Time pattern data resembles paired data, where the ordinate is a time value, but is stored using time series conventions. It is recognized that some time pattern data, such as unit hydrographs, may also be stored using paired data convention. However, paired data is a different data type and most time series functions (e.g., math functions) will not work with it, whereas they will work with pattern data. Also, sometimes time pattern data is stored for the year 3000, which is often used for stastical values. Indeed, time pattern data is usually plotted using the year 3000 for the time axis. It is up to the user's description choose the most appropriate storage.

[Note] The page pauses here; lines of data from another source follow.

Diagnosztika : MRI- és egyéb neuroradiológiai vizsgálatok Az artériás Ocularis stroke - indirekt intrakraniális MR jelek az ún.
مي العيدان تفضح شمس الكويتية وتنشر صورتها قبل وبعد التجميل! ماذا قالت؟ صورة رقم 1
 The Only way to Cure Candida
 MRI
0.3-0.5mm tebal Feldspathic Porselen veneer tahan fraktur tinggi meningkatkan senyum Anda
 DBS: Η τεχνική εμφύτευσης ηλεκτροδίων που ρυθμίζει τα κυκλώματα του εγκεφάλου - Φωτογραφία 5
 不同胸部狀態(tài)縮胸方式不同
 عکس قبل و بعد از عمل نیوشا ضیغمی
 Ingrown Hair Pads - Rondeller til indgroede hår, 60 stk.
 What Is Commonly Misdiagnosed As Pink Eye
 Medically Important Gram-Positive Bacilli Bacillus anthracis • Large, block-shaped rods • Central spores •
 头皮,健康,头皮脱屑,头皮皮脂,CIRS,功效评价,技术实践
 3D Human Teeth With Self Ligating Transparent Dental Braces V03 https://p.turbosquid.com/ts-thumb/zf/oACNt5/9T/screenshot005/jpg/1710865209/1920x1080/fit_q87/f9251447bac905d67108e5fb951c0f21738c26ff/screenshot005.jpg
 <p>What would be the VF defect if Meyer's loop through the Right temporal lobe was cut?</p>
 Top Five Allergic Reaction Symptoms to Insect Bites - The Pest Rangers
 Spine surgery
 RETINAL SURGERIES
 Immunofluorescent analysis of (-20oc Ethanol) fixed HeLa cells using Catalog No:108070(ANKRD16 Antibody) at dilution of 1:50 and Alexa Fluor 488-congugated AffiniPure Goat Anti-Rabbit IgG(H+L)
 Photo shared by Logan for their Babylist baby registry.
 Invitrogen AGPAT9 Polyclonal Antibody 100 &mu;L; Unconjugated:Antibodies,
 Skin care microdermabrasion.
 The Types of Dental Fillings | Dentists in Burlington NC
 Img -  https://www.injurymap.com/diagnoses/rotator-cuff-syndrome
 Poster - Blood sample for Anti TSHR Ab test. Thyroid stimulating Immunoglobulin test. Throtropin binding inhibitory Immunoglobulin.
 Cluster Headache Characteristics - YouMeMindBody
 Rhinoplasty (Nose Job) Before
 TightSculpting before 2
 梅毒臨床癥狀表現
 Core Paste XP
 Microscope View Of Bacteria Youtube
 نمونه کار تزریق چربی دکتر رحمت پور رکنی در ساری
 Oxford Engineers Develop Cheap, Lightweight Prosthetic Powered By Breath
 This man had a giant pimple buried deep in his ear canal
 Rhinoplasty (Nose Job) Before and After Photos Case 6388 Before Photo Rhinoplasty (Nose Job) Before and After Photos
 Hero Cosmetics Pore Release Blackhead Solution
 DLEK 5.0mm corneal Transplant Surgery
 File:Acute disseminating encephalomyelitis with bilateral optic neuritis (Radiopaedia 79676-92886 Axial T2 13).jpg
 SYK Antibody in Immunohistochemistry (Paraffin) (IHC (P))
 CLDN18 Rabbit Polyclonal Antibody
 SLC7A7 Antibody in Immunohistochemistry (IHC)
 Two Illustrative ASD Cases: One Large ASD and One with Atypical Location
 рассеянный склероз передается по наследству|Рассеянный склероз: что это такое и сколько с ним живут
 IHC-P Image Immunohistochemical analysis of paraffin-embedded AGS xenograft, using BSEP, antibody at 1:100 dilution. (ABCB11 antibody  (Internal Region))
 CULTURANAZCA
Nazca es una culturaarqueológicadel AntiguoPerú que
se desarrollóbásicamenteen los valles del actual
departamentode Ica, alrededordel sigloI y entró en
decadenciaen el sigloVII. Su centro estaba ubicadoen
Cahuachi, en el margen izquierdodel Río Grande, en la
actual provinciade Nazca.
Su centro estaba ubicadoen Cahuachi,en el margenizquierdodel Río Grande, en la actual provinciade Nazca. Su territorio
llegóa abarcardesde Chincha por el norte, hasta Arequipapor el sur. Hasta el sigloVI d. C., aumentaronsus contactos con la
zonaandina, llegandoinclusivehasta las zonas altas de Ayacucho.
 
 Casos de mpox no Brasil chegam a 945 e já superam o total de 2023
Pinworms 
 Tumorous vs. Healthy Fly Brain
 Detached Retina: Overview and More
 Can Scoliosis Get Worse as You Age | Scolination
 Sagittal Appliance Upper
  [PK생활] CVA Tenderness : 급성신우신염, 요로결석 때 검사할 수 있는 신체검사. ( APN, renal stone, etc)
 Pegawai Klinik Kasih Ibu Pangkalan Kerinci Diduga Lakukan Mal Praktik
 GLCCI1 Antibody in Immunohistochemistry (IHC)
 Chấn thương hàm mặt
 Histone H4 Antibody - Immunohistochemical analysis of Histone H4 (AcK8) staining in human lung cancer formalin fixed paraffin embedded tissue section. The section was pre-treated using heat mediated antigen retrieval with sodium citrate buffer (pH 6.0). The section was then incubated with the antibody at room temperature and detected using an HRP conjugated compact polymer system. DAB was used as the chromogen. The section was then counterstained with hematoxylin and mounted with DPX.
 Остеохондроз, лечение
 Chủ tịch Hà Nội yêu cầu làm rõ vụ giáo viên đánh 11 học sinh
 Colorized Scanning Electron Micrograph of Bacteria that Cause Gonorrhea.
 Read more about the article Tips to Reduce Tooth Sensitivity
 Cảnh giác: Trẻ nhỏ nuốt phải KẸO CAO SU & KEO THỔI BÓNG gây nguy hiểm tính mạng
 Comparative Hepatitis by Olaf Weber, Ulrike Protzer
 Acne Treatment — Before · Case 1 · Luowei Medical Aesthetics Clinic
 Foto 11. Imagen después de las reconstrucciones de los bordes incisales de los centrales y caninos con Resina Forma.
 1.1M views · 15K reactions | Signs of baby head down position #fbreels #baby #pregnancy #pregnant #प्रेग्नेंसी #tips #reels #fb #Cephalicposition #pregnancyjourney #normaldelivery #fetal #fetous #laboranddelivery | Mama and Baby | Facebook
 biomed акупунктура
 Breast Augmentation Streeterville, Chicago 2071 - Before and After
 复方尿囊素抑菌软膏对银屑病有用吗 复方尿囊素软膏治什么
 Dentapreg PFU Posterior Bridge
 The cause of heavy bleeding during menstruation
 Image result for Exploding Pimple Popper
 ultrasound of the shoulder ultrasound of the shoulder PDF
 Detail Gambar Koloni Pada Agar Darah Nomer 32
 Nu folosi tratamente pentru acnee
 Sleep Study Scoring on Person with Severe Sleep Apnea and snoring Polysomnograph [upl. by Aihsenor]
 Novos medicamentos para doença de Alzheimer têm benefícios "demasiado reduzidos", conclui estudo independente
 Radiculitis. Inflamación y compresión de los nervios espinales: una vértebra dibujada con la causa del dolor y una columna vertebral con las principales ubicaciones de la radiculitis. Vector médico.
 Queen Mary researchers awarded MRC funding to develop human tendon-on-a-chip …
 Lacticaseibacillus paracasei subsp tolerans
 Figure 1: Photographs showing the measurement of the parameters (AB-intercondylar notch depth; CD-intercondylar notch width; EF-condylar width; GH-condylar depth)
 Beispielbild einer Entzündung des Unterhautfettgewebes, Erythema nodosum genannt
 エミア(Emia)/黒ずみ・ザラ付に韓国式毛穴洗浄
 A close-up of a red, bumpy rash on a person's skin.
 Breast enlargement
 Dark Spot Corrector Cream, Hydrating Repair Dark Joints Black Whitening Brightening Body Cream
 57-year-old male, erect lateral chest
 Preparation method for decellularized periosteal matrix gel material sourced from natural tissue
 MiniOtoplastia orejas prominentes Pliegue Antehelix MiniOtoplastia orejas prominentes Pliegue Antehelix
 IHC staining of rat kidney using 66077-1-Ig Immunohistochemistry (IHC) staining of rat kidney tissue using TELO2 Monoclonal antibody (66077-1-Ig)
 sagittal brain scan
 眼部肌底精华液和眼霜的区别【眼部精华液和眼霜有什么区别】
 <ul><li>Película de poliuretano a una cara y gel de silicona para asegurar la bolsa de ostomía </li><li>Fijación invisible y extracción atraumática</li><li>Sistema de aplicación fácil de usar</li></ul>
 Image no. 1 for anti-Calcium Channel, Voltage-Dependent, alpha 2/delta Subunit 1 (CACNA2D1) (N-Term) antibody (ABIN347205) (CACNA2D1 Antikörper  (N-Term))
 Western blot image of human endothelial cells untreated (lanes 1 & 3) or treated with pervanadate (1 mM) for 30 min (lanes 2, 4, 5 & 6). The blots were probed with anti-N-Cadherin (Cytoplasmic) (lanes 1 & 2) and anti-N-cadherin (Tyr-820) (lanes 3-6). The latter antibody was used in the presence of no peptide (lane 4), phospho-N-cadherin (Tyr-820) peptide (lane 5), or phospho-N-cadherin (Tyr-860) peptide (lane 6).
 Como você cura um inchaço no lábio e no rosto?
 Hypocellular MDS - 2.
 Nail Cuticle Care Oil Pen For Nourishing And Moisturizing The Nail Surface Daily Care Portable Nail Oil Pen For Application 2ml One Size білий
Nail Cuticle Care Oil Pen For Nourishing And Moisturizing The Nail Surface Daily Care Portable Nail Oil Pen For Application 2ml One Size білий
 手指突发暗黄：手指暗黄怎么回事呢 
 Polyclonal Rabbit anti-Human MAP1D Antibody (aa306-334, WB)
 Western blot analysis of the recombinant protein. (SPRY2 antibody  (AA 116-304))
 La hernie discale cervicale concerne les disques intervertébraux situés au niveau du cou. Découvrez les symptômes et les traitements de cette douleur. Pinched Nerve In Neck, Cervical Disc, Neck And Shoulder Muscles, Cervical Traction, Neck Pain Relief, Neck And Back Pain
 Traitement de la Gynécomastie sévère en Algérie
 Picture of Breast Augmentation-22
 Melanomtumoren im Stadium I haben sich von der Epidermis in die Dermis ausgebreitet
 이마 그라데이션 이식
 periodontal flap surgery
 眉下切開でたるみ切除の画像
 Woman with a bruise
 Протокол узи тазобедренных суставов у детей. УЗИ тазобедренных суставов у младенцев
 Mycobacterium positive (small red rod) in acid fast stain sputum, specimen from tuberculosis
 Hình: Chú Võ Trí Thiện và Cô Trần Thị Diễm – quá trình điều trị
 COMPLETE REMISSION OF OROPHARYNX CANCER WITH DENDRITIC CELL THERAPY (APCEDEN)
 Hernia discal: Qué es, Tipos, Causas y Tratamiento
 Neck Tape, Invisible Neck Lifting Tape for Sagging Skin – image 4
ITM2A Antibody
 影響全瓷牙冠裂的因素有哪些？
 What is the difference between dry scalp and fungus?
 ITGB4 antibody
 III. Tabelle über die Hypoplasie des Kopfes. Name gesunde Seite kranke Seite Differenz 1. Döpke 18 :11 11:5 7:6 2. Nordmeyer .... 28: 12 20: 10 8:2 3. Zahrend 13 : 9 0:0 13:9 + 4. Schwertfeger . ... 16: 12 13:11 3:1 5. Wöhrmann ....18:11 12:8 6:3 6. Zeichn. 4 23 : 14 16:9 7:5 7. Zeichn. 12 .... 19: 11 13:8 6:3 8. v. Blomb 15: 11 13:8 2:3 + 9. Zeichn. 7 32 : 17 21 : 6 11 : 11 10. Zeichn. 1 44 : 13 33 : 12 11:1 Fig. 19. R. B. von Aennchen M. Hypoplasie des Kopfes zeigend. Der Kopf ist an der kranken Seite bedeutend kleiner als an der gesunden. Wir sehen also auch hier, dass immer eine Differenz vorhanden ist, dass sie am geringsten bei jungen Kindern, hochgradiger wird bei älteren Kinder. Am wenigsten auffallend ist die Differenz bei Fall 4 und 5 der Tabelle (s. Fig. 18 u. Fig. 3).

Example: Time Pattern with Regular Interval
import java.util.Vector;
import javax.swing.UIManager;
import hec.dataTable.HecDataTableFrame;
import hec.gfx2d.G2dDialog;
import hec.heclib.dss.*;
import hec.io.DataContainer;
import hec.io.TimeSeriesContainer;
// Create a time pattern (from an existing data set)
public class ExampleTimePattern1 {
public static void main (String args[]) {
try {
javax.swing.UIManager.setLookAndFeel(UIManager.getSystemLookAndFeelClassName());
}
catch (Exception ignore) {}
// First, get a data set that we can use
TimeSeriesContainer tsc = new TimeSeriesContainer();
tsc.setName("//Sacramento/TEMP-MAX/01JAN1980/1Day/Obs/");
HecTimeSeries dssTimeSeries = new HecTimeSeries();
// This is the "sample.dss" file included with HEC-DSSVue, converted to version 7
dssTimeSeries.setDSSFileName("C:/temp/Sample7.dss");
int status = dssTimeSeries.read(tsc, true);
dssTimeSeries.done();
if (status != 0) return;
// Now save it as a time pattern
TimeSeriesContainer tsc2 = new TimeSeriesContainer();
tsc2.setName("//Sacramento/TEMP-MAX/TS-Pattern/1Day/Daily Average/");
tsc2.setValues(tsc.getValues());
tsc2.setUnits("Deg F");
tsc2.setType("Per-Aver");
// Note - no starting or ending times set! (Just data)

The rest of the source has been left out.